Your answer must be only the lines below from the one containing "TX license plate DNO5070" through the one containing "M. Fasis Tops", copied exactly, with the pictures left out.

Top of Input material

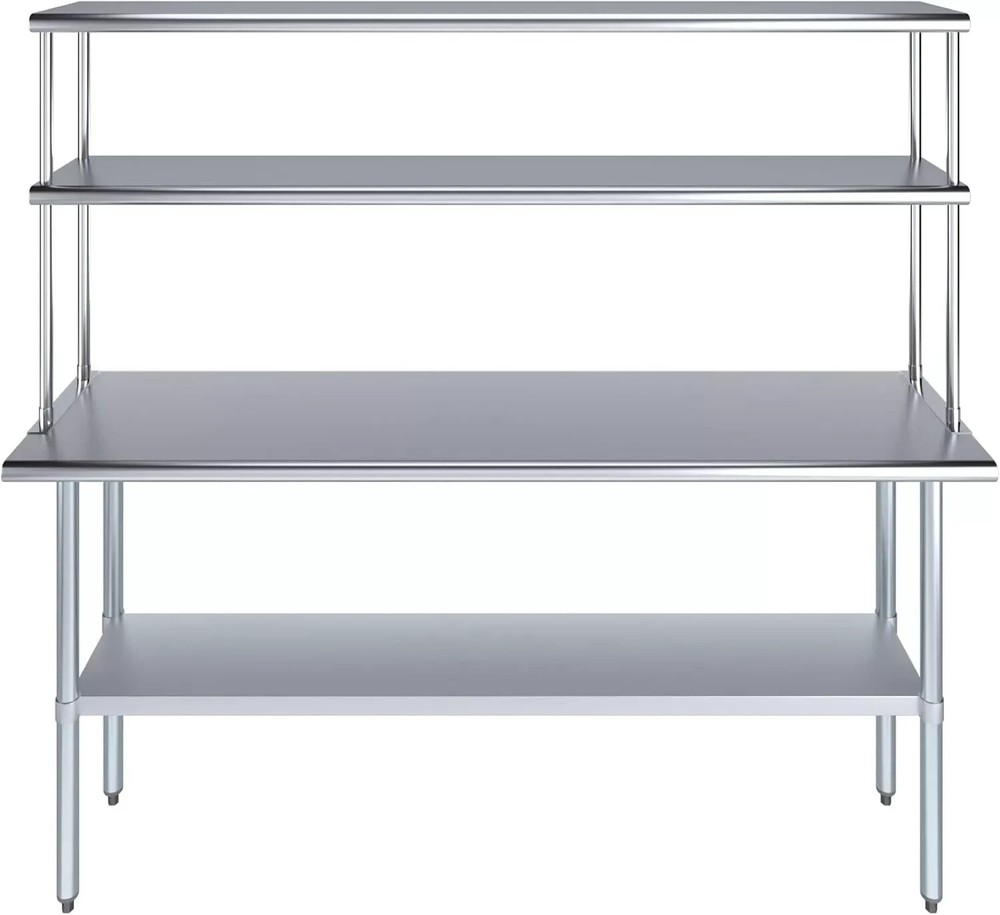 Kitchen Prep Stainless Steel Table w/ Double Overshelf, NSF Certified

Bottom of Input material
Top of Input material

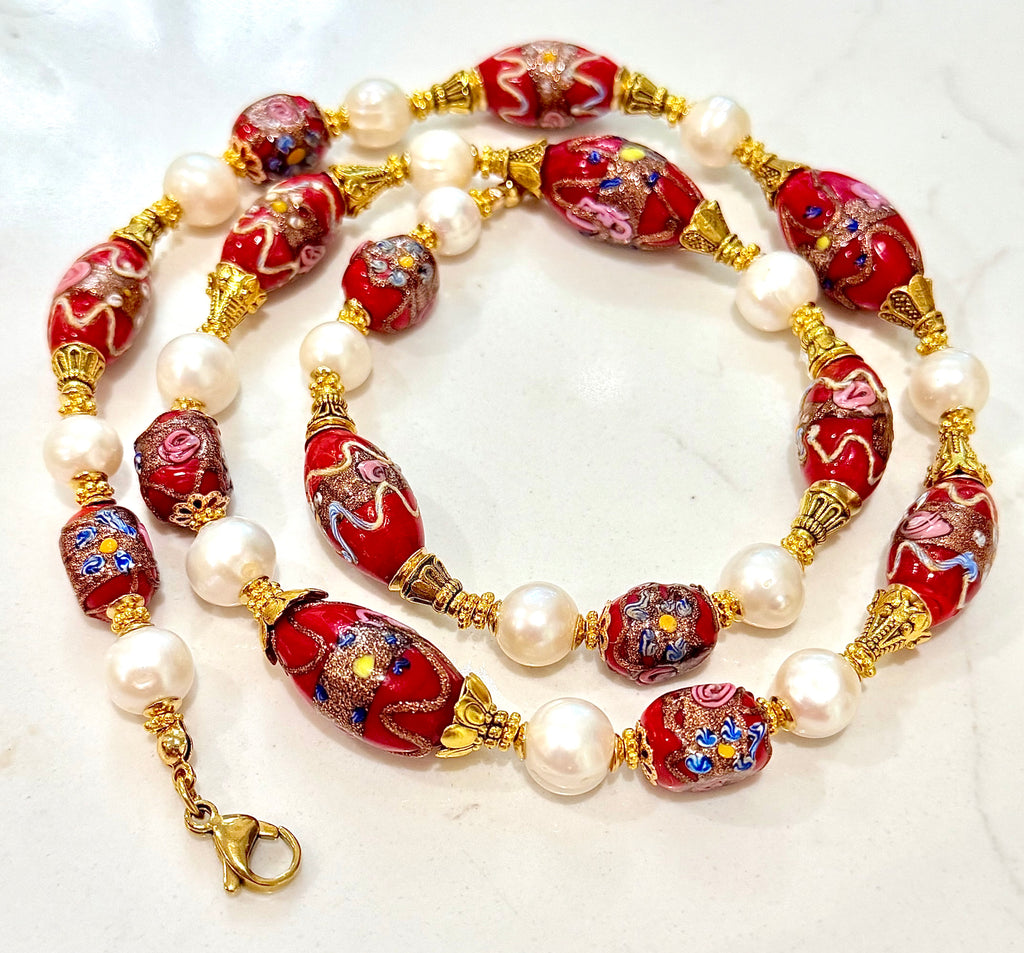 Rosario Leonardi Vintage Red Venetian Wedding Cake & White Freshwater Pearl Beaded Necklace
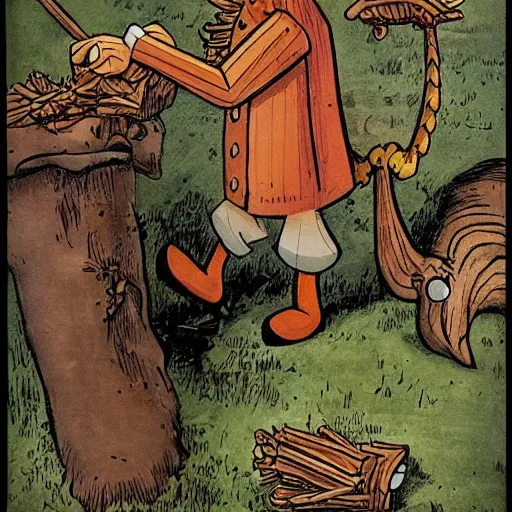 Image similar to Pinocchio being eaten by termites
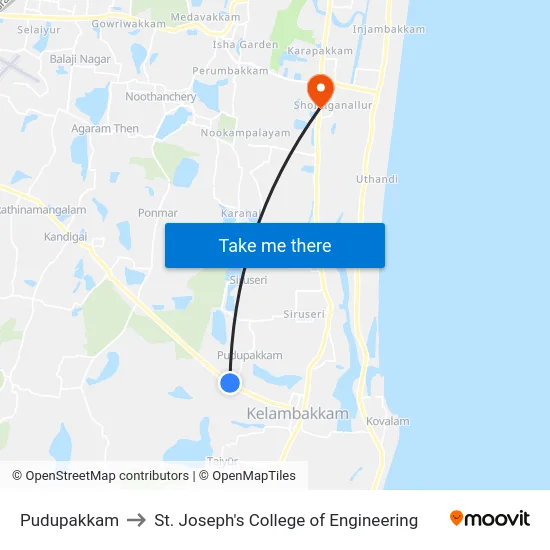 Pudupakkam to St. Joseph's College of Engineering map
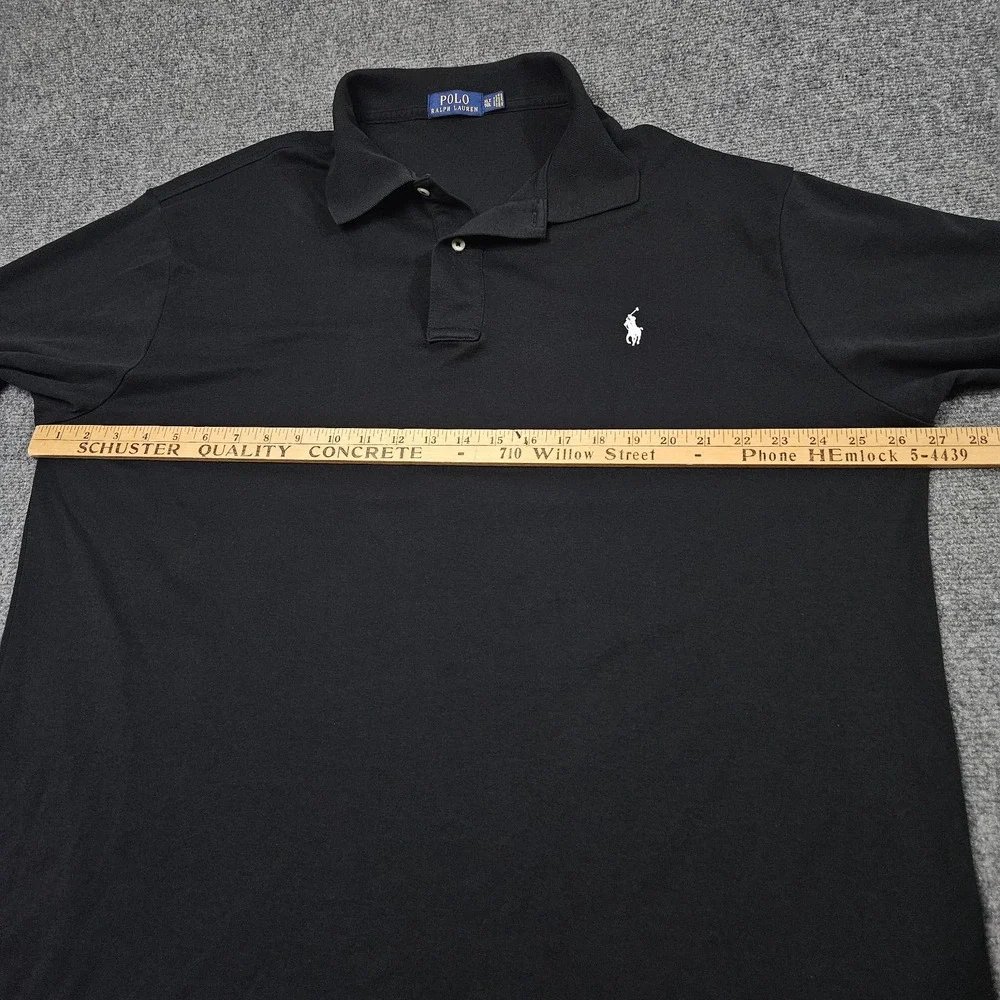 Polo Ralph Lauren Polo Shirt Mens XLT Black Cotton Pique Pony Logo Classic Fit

Bottom of Input material
Top of Input material

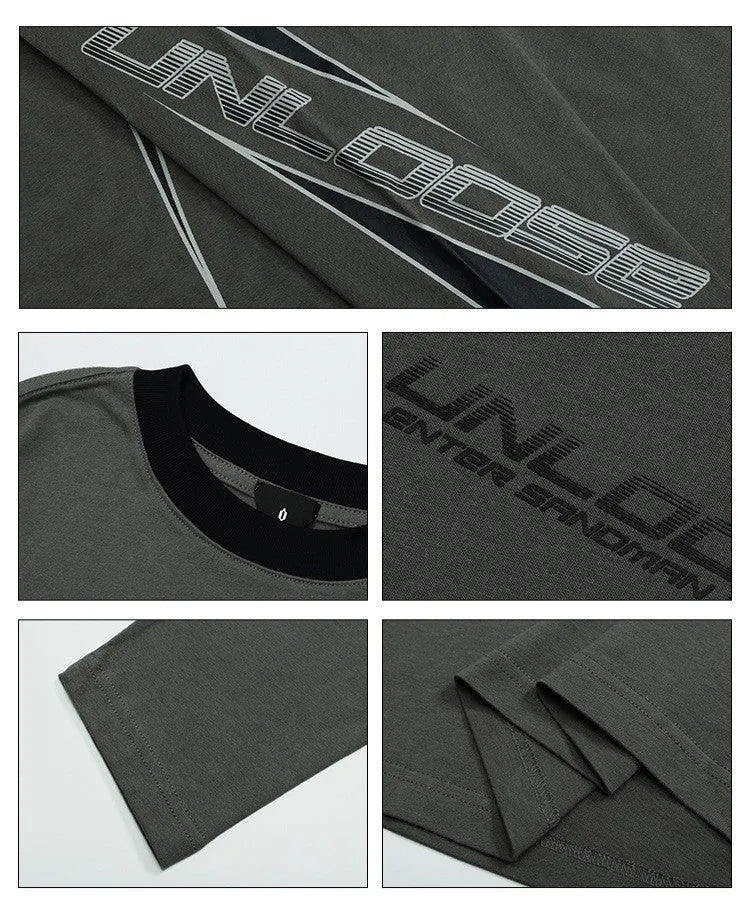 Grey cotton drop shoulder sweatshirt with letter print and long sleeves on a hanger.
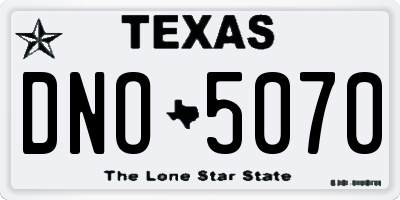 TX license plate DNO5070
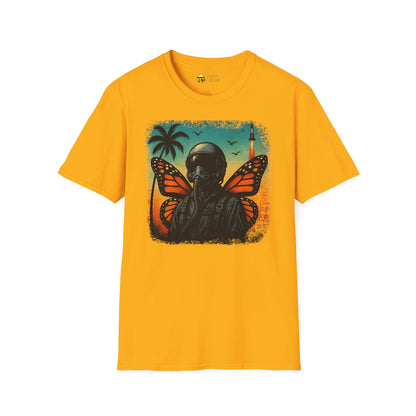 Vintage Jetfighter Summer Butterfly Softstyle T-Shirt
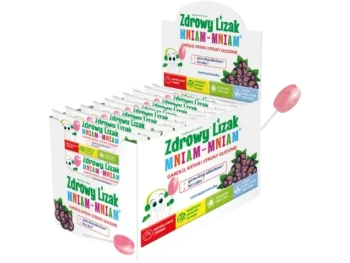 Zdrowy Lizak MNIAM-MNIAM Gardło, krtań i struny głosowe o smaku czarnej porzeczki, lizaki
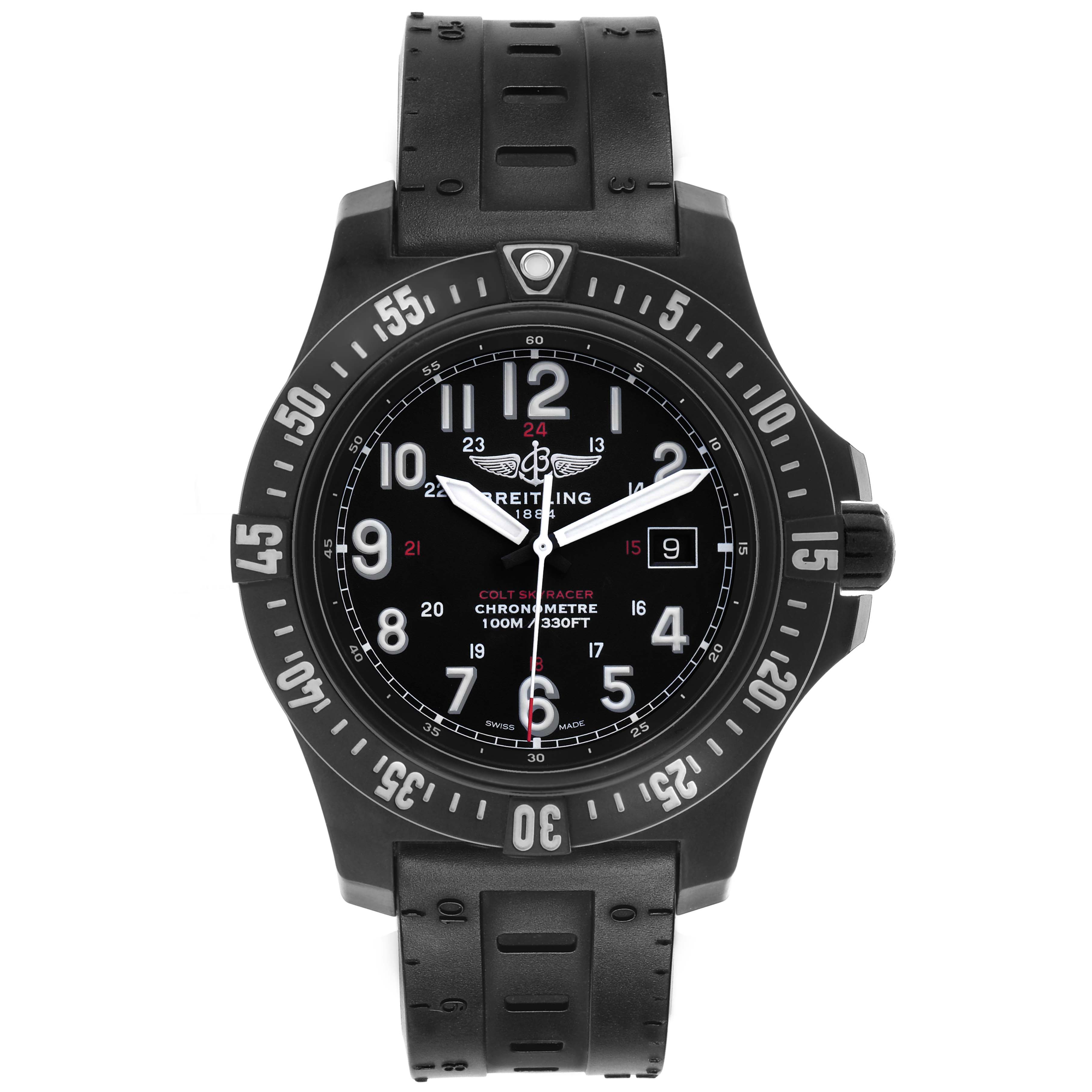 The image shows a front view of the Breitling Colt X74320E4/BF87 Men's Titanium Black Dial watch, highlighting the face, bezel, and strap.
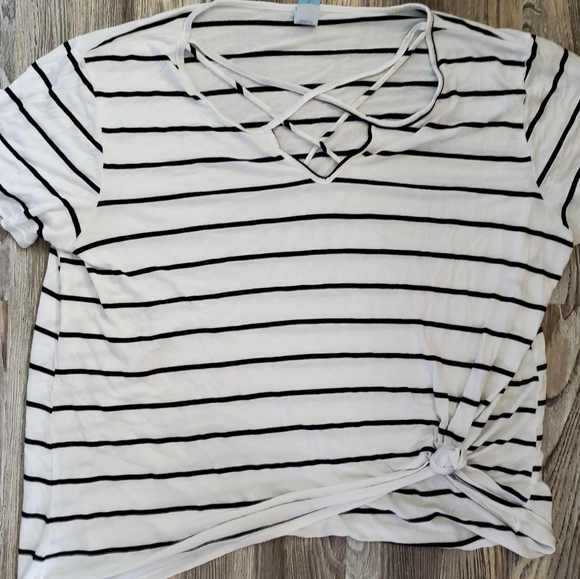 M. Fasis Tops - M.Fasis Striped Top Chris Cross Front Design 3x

Bottom of Input material

→ Task answer:
 TX license plate DNO5070
 Vintage Jetfighter Summer Butterfly Softstyle T-Shirt
 Zdrowy Lizak MNIAM-MNIAM Gardło, krtań i struny głosowe o smaku czarnej porzeczki, lizaki
 The image shows a front view of the Breitling Colt X74320E4/BF87 Men's Titanium Black Dial watch, highlighting the face, bezel, and strap.
 M. Fasis Tops - M.Fasis Striped Top Chris Cross Front Design 3x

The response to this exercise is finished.